Captioned web images »
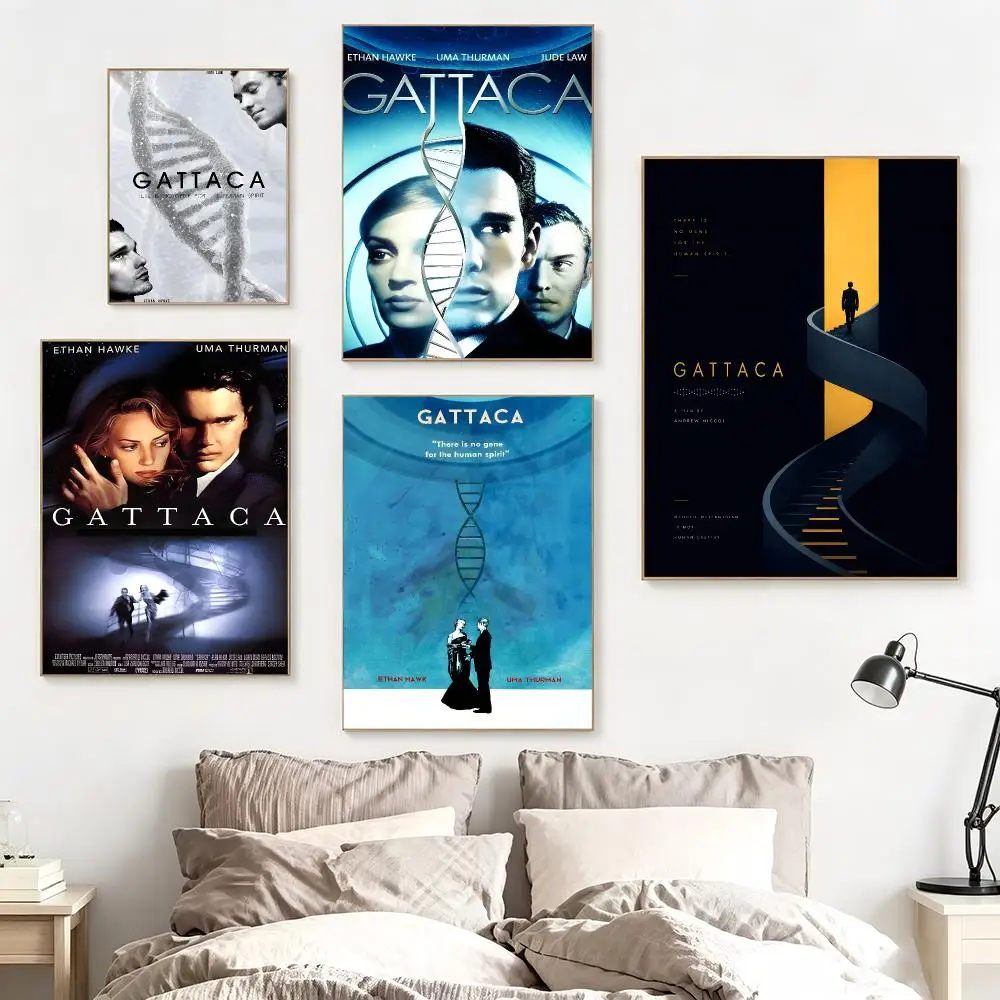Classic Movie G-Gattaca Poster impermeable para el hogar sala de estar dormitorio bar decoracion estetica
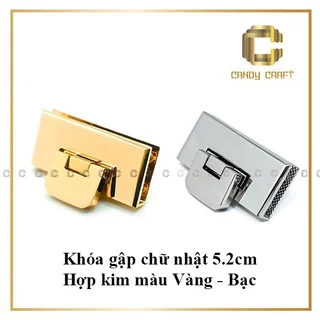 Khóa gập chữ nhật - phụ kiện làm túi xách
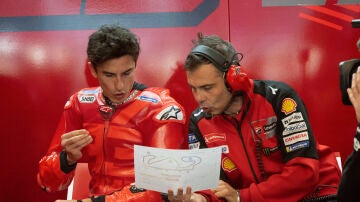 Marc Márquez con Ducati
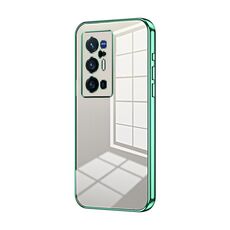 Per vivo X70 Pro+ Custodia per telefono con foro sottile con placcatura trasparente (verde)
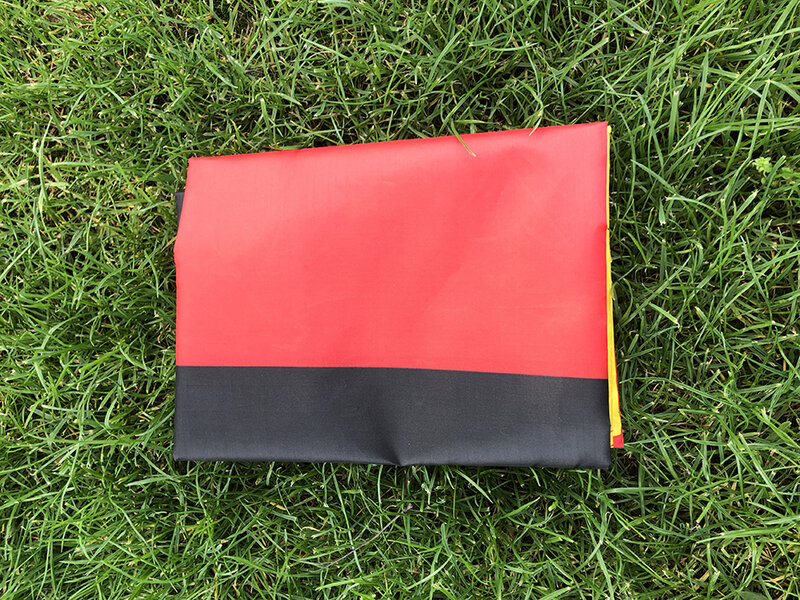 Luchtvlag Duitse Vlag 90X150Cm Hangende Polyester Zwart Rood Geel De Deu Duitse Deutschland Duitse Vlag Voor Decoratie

==

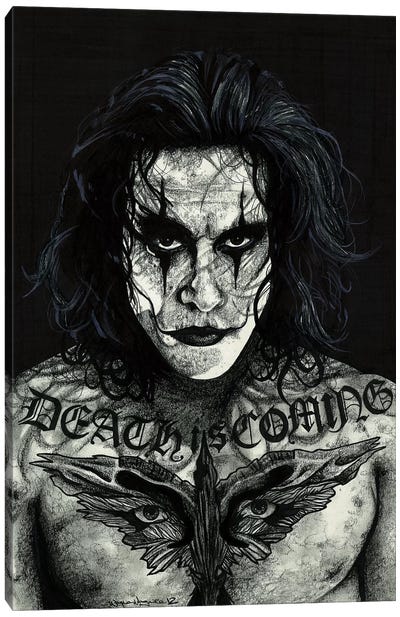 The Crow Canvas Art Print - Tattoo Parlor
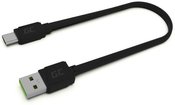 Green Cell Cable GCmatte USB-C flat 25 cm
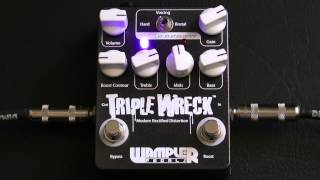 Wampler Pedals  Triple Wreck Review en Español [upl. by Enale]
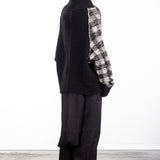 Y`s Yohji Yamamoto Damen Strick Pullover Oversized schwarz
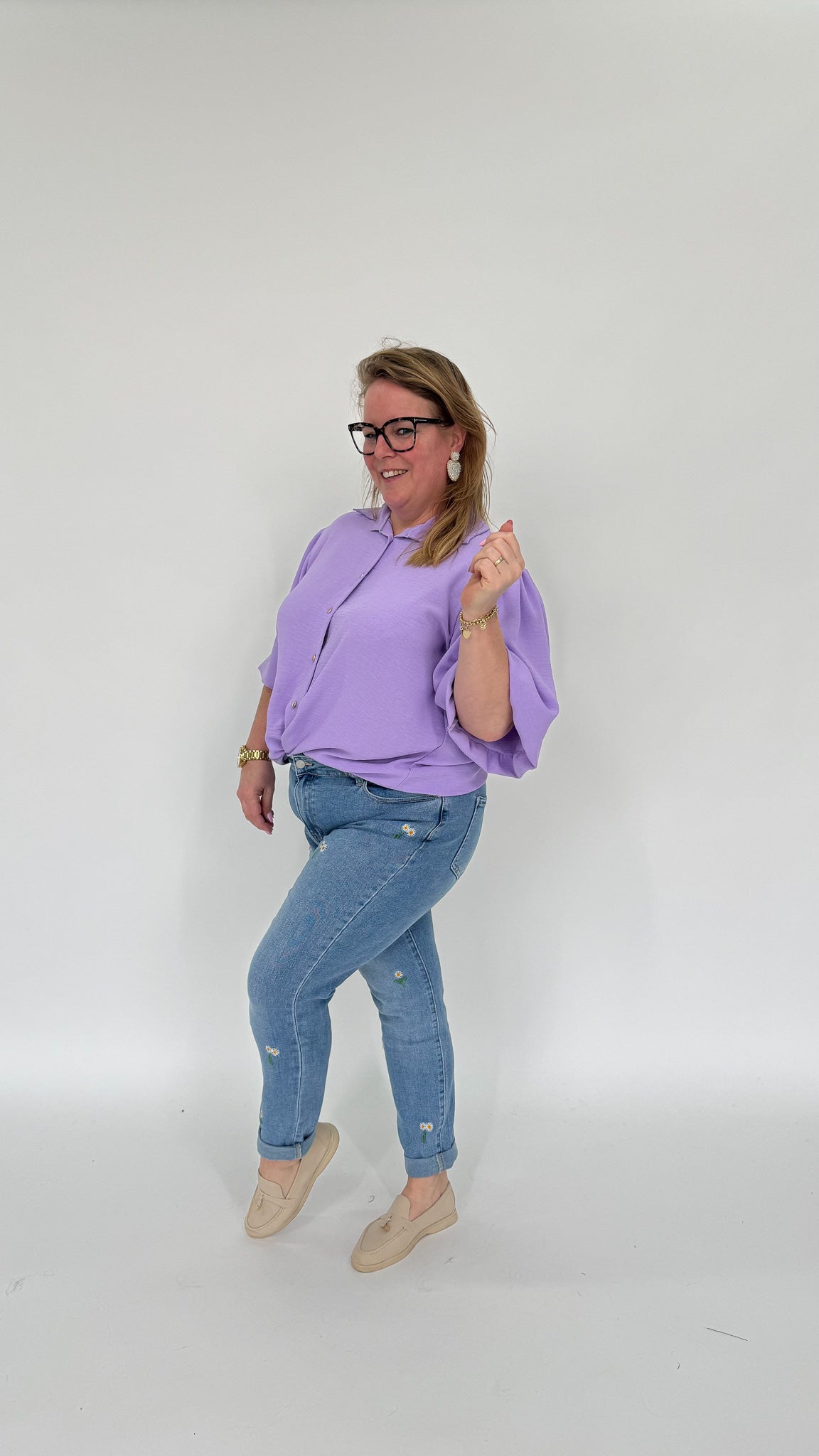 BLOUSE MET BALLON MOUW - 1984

Exercise objective » Starting at the line containing "The Crow Canvas Art Print - Tattoo Parlor" and stopping at the line containing "BLOUSE MET BALLON MOUW - 1984", output every line above exactly, both ends included, with pictures omitted.

Exercise output »
 The Crow Canvas Art Print - Tattoo Parlor
 Green Cell Cable GCmatte USB-C flat 25 cm
 Wampler Pedals  Triple Wreck Review en Español [upl. by Enale]
 Y`s Yohji Yamamoto Damen Strick Pullover Oversized schwarz
 BLOUSE MET BALLON MOUW - 1984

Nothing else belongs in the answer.